While most analysts believe a clean sweep from the Democrats or Republicans would be the most market friendly result because it would mean a smooth passage of a second stimulus package, boosting the economy and in turn the US stock market.

Rathbones, which manages over £50 billion ($65 billion) for clients, is instead thinking globally. Its head of asset allocation research, Edward Smith, believes the best outcome would "arguably" be a Joe Biden presidency with a split congress.

Under this outcome, the stimulus package will not be as large as many US investors are pricing in under a clean sweep by Democrats or Republicans. 

"I totally agree that it wouldn't be as stimulatory a package as it could have been," Smith said. "But it's enough."

But the package, he argues, will still be sufficient enough to support the US economy.

This outcome would bring two advantages to global investors. Firstly, having Biden as president means he will likely take more of a traditional approach to trade policy, easing some global tensions and, in turn, potentially benefiting non-US equity markets. Secondly, a split congress will also mean that Biden will be unable to pass some of the policies the markets fear most, such as corporation taxes, Smith said in his recent investment report.

From a global perspective, this election is ultimately about whether global policy uncertainty will continue, Smith said.

Buying opportunities

On the day, investors should not make rash decisions, Smith advises, but instead analyze what the potential policy implications will mean for their holdings over the long-term.

"We're expecting a lot of volatility, we've seen the price of VIX futures really spike, more than what you would usually see in an election month,"  Smith said. "So don't do that sort of classic behavioural trap of seeing a reaction and sort of it confirming some sort of bias."

However, a knee-jerk reaction from investors in either a Democratic sweep, or a contested election scenario could create buying opportunities, Smith said. He said a sell off of 10% or more, he would see as a buying opportunity.

In the case of a contested election, a sell-off could likely occur from a policy gap in the ability for the US to stimulate the economy during this time frame, especially as the stimulus package has been one of the core drivers in the market, Smith said.

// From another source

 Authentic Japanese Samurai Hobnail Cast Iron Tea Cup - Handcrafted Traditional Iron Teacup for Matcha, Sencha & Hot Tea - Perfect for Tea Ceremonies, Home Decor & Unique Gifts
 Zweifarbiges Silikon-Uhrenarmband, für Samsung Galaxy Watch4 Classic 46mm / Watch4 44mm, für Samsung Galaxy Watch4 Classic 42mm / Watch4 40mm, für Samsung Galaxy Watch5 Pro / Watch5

"Equities, although they often don't behave like it, are basically long term investments, they're out discounting earnings way into the future into today's price," Smith said. "So we think a large sell off could be a buying opportunity."

An overlooked asset class

In amongst all the US election noise, one asset being overlooked is emerging market debt, Smith said

"Emerging market debt is interesting to us, especially as this year something really game-changing happens," Smith said.  "You had, for the first time in emerging markets across the board, being able to conduct counter cyclical monetary and fiscal policy. They usually can't do what the Bank of England, or the Treasury, or the Federal Reserve does and cut interest rates or start spending more money."

Historically, investors have viewed emerging markets as not having the institutional credibility to implement these policies wisely, Smith said. Previously, emerging markets would increase rates to stop money leaving the country, which in turn makes things worse when a recession hit, he said.

But for the first time, emerging markets have implemented counter-cyclical policy and in some cases quantitative easing, which has resulted in currencies generally staying stable, inflation staying low and yields yet to rise, Smith said.

"So if that means that now we're in a world where emerging markets can smooth growth," Smith said. "And then that should mean that we're in a world where we should apply a little lower risk premium to emerging market assets, because they're less risky places to be."

Emerging market debt could be the one asset class to keep watch on if Biden returns to the White House, either in a split congress or a Democratic sweep scenario, as trade tensions are expected to ease with his more traditional approach toward geopolitical issues.